Start of Information provided

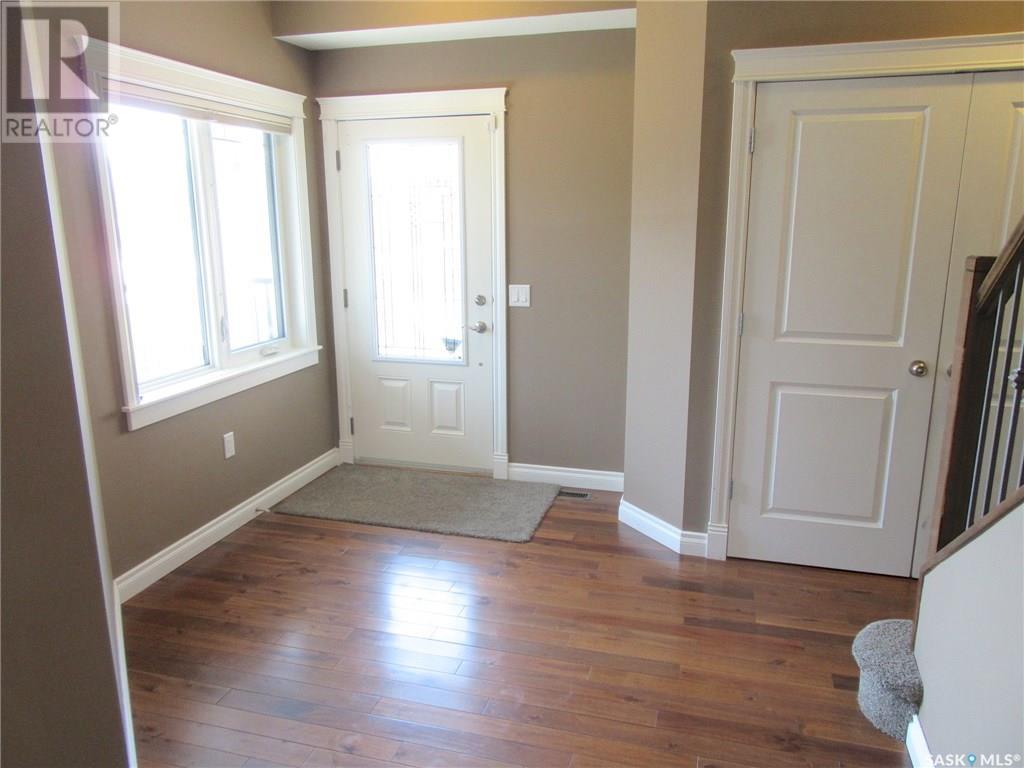 977 Slezak Crescent, Weyburn, Saskatchewan  S4H 0A3 - Photo 2 - SK998657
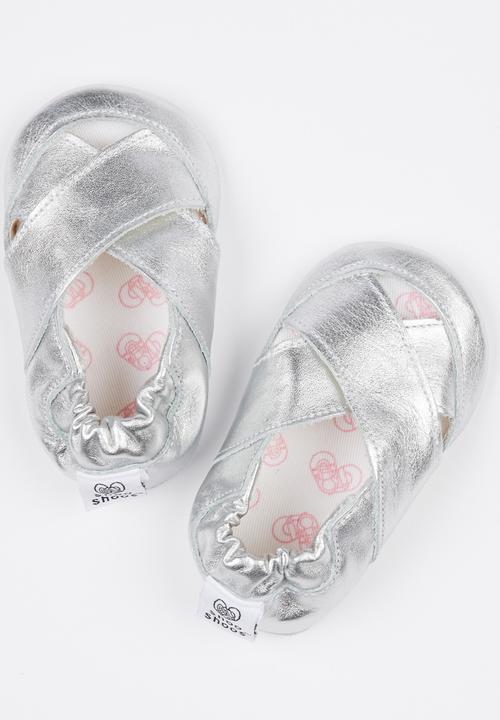 shooshoos - Charlotte Silver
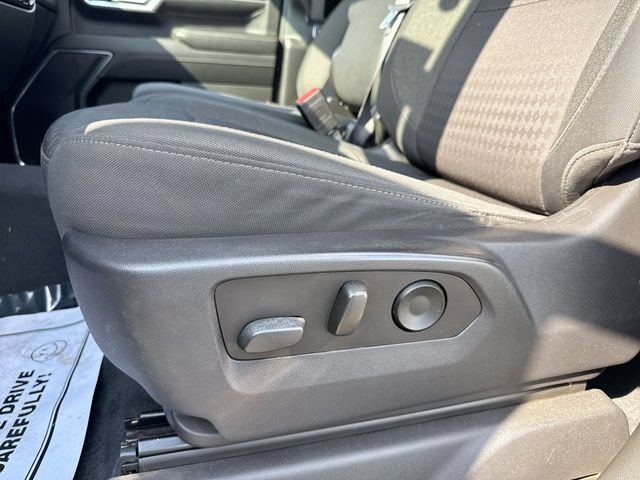 Used 2024 Chevrolet Silverado 2500 LT AWD/4WD image 12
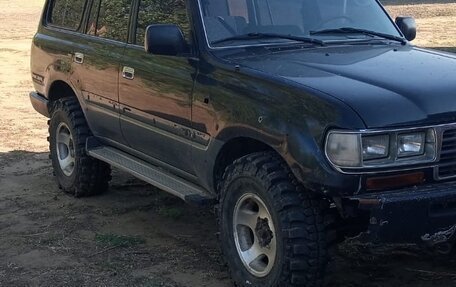 Toyota Land Cruiser 80 рестайлинг, 1996 год, 540 000 рублей, 2 фотография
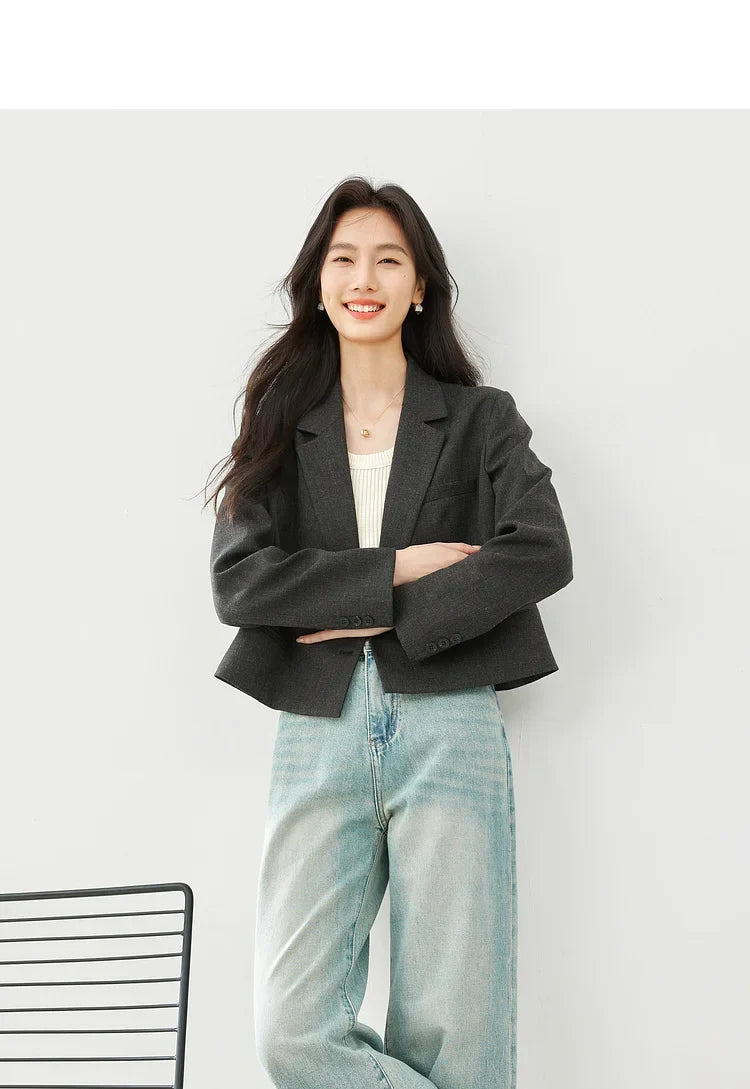Cropped Notched Blazer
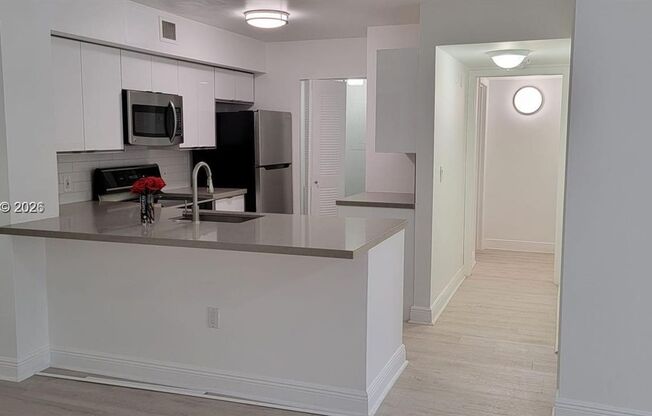 12124 SAINT ANDREWS PL UNIT 201 MIRAMAR, FL 33025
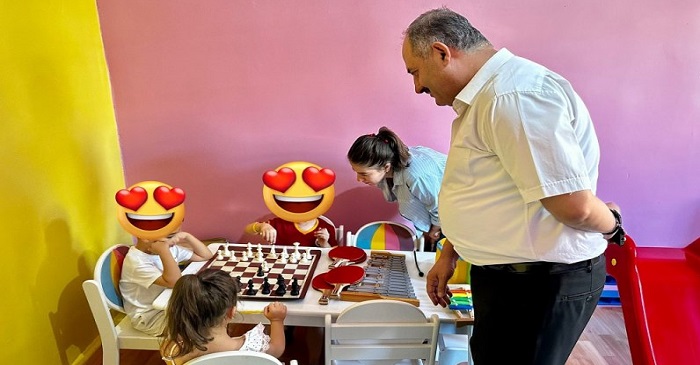 Müdür Kaya Yeni açılan kreş ve gündüz bakım evini ziyaret etti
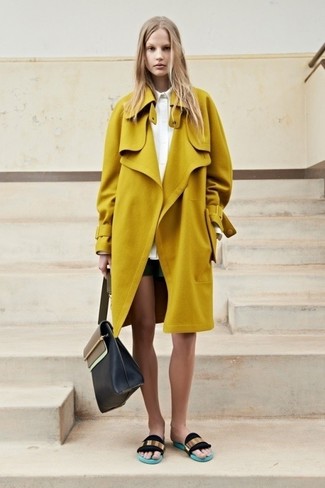 Olive Shorts Outfits For Women: If you don't like spending too much time on your ensembles, pair a yellow trenchcoat with olive shorts. Finish off this look with a pair of black and gold leather flat sandals for a trendy hi-low mix.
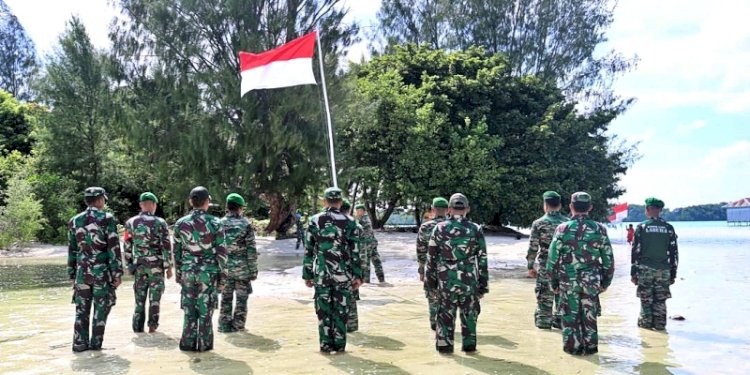 Komando Distrik Militer (Kodim) 1509/Labuha kibarkan bendera merah putih sebagai penegasan Kepulauan Widi adalah milik Indonesia/Net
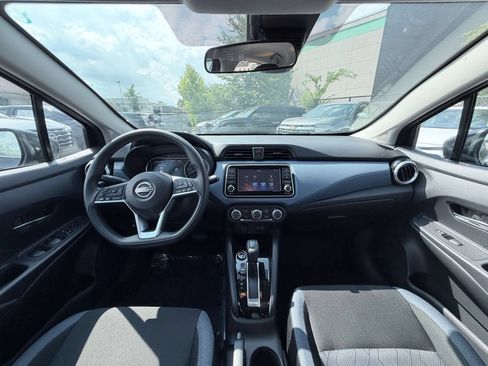 Used 2025 Nissan Versa SV FWD image 31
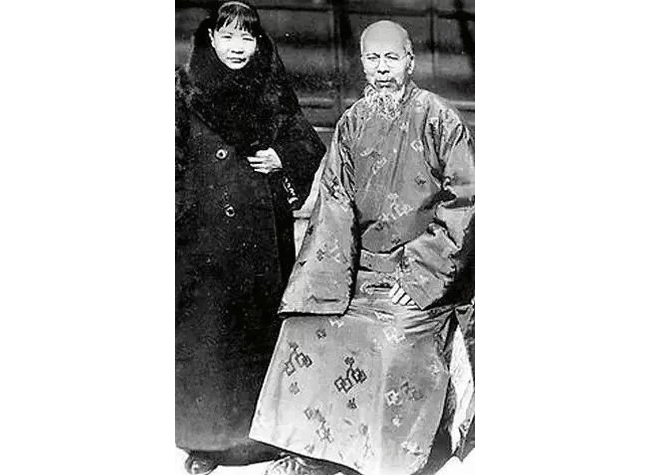 中國嘉德2019春拍精品導(dǎo)覽 | 寶姬存玩——齊白石致胡寶珠墨筆花鳥冊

End of Information provided

Goal of the exercise ▸ The lines wanted run from the line containing "Olive Shorts Outfits" through the end of the entries; return them exactly, both ends included, and keep pictures out.

Task answer ▸
 Olive Shorts Outfits For Women: If you don't like spending too much time on your ensembles, pair a yellow trenchcoat with olive shorts. Finish off this look with a pair of black and gold leather flat sandals for a trendy hi-low mix.
 Komando Distrik Militer (Kodim) 1509/Labuha kibarkan bendera merah putih sebagai penegasan Kepulauan Widi adalah milik Indonesia/Net
 Used 2025 Nissan Versa SV FWD image 31
 中國嘉德2019春拍精品導(dǎo)覽 | 寶姬存玩——齊白石致胡寶珠墨筆花鳥冊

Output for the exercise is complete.